Print the lines of the data, starting with the first, up to and including the line where "长城的展台不让看,但从面积看,比对面宝马的展台,大一倍…" appears.

:::

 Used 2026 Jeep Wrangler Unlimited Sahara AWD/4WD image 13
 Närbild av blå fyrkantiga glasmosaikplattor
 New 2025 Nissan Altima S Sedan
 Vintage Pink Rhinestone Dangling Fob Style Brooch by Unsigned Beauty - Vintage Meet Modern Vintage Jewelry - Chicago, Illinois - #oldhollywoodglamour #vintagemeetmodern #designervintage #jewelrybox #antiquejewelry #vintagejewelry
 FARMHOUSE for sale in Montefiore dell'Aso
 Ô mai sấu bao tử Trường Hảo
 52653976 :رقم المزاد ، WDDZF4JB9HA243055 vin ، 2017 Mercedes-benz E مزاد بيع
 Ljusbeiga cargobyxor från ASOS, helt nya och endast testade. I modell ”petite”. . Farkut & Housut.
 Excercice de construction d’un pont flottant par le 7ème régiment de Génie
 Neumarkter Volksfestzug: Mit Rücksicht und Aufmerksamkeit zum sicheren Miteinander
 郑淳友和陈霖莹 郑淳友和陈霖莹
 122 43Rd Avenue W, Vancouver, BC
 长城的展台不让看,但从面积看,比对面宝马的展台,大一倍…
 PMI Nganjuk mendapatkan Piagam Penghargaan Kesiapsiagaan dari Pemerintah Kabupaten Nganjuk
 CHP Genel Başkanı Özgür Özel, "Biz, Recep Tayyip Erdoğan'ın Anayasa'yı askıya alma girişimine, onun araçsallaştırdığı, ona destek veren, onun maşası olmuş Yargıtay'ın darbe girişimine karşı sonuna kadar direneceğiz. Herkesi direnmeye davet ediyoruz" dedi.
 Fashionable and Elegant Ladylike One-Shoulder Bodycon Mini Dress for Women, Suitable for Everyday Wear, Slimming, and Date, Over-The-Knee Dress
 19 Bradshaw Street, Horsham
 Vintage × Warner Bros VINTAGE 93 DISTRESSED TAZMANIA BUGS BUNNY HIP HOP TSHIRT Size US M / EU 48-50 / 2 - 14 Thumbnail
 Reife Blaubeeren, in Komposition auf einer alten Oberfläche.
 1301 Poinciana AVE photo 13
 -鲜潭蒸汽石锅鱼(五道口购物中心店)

:::

| EXERCISE RESPONSE |
 Used 2026 Jeep Wrangler Unlimited Sahara AWD/4WD image 13
 Närbild av blå fyrkantiga glasmosaikplattor
 New 2025 Nissan Altima S Sedan
 Vintage Pink Rhinestone Dangling Fob Style Brooch by Unsigned Beauty - Vintage Meet Modern Vintage Jewelry - Chicago, Illinois - #oldhollywoodglamour #vintagemeetmodern #designervintage #jewelrybox #antiquejewelry #vintagejewelry
 FARMHOUSE for sale in Montefiore dell'Aso
 Ô mai sấu bao tử Trường Hảo
 52653976 :رقم المزاد ، WDDZF4JB9HA243055 vin ، 2017 Mercedes-benz E مزاد بيع
 Ljusbeiga cargobyxor från ASOS, helt nya och endast testade. I modell ”petite”. . Farkut & Housut.
 Excercice de construction d’un pont flottant par le 7ème régiment de Génie
 Neumarkter Volksfestzug: Mit Rücksicht und Aufmerksamkeit zum sicheren Miteinander
 郑淳友和陈霖莹 郑淳友和陈霖莹
 122 43Rd Avenue W, Vancouver, BC
 长城的展台不让看,但从面积看,比对面宝马的展台,大一倍…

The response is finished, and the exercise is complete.